Governance committee wraps study
MADISON – Madison Governance Committee 2025 used its last scheduled meeting to learn about the state legislature’s role in how an Alabama city chooses its type of municipal government.
Since Sept 2., the governance committee has met weekly to analyze the type of municipal government structure that Madison needs. As committee member Cynthia McCollum summarized, “This committee is visionary to look at what we need in the future.”
On Oct. 14, Perry Roquemore Jr., who worked 37 years with Alabama League of Municipalities, advised the committee about legal issues in changing forms of city government. He heard from committee members who have visited Decatur, Mountain Brook, Vestavia Hills, Hoover and Auburn to survey their governance structures.
“I was around at the league when they did what they did” in choosing a form of city government, Roquemore said. “Each one of those options (from other cities) is not available to you … without legislation.”
Roquemore referred to “Dillon’s rule,” which basically allows Alabama cities to “do what the legislature has allowed them to do.” Crafted by Chief Justice Forest Dillon, the Dillon rule contrasts with “home rule, which means a city can do anything that the law doesn’t prohibit.”
The Alabama legislature has given much more authority city governments than to counties, Roquemore said.
“A city can only have a form of government that is authorized by the legislature,” Roquemore said. “Any form of government (mayor/council, city manager/council, city administrator and so forth) can work, and any of those can fail. It comes down to the willingness of people to work together.”

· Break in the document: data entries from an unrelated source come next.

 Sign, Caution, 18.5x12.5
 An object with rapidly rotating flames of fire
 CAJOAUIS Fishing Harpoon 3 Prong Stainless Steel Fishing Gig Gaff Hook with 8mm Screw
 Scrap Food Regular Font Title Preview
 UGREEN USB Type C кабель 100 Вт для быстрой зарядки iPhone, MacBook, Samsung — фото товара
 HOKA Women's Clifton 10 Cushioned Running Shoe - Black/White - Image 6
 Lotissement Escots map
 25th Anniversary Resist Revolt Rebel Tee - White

Roquemore said Madison has several options:
* Keeping the mayor/council configuration.
* Using council/city manager like Auburn.

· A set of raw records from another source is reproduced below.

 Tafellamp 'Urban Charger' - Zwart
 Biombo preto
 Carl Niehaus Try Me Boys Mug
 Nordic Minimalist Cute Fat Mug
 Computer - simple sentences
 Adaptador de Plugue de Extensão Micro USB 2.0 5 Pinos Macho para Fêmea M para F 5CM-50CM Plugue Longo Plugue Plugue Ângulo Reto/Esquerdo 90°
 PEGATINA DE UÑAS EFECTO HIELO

* Creating the position of city administrator (or administrative assistant to mayor), subject to mayor’s guidance.
* Entering a bill in the legislature to create a special governance for the City of Madison.
About eight cities are using the city manager form in approximately 470 Alabama cities.
Roquemore stressed the importance of training and education for elected officials.
Committee chairman John Allen soon will release a ‘white paper’ with the committee’s findings.